There are many data mining algorithms and methodologies for various fields and various problematic. Each data mining researcher/practitioner should describe the intrinsic quality of the discovered models and patterns. In addition he/she is faced with assessing the performance of his/her own solution(s) in order to make –fair– comparisons with state of the art approaches. Which methodology, which benchmarks, which measures of performance, which tools, which measures of interest, which scenarios, etc., should be used, and why? Every one should answer these questions, and assessing the quality and the performance of a data mining process is a critical issue. Assessing the quality and the performance is a critical issue for classical situations and even more in the Big Data era where we can not manage this issue with classical and current approaches. Clearly, large scale data, complex data and streaming data bring new challenges (e.g. large scale inference, fake correlations, necessity of perpetual validation).

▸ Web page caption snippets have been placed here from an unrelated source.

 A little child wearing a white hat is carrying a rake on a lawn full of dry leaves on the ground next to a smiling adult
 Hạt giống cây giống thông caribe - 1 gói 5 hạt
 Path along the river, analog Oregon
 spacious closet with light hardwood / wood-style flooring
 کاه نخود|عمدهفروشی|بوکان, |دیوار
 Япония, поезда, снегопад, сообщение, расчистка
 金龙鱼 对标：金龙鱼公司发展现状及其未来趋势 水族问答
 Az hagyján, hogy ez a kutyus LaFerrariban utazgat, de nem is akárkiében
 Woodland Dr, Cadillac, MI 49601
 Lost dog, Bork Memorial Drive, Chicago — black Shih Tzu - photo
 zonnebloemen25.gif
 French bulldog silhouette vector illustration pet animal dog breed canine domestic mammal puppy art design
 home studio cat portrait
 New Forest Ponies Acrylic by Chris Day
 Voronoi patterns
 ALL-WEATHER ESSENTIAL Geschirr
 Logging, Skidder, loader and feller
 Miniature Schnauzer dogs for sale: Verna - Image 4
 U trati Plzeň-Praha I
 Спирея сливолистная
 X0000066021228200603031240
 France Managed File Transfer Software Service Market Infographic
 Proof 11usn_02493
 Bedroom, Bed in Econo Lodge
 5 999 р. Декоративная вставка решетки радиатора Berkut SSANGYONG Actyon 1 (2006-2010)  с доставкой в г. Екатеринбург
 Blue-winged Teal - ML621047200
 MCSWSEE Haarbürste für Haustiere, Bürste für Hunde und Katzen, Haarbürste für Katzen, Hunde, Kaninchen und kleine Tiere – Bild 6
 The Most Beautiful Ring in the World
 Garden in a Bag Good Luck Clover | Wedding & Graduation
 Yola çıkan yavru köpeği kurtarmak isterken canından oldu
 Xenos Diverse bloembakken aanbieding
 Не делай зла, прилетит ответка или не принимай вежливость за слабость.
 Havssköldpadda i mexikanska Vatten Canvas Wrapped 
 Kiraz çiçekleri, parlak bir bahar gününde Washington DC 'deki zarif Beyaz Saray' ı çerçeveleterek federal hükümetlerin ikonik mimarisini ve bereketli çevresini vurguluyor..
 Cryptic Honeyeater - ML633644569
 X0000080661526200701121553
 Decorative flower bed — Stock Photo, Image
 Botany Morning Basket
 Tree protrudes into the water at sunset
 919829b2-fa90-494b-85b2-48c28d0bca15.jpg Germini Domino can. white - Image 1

In this setting, the Quality Issues, Measures of Interestingness and Evaluation of data mining models Workshop series provide an open forum for intensive discussions and the exchange of new ideas and best practices on quality issues among data mining researchers. QIMIE focuses on the theory, the techniques, the links between the discovery stage and the quality assessment stage, and the practices that can ensure that the discovered knowledge of a data mining process is of quality. It is organized with the IEEE Task Force on Evaluation and Quality issues (Data Mining and Big Data Analytics Technical Committee, IEEE Computational Intelligence Society).

This special issue contains seven revised and extended papers from QIMIE’13, the third edition of QIMIE, organized in association with PAKDD’13 conference (Pacific-Asia Conference on Knowledge Discovery and Data Mining, Gold Coast, Australia, April 14–17, 2013).

How effective are condensed representations (frequent, closed, maximal) and interestingness measures in recovering the underlying patterns? Albrecht Zimmermann proposes an original framework to answer this question. He uses an extension of the Alamaden Quest data generator which allows constructing data from explicit patterns. So, he can thoroughly compare the mined patterns against the source itemsets used to construct the data and evaluate the performance of the different pattern representations and the different intestingness measures.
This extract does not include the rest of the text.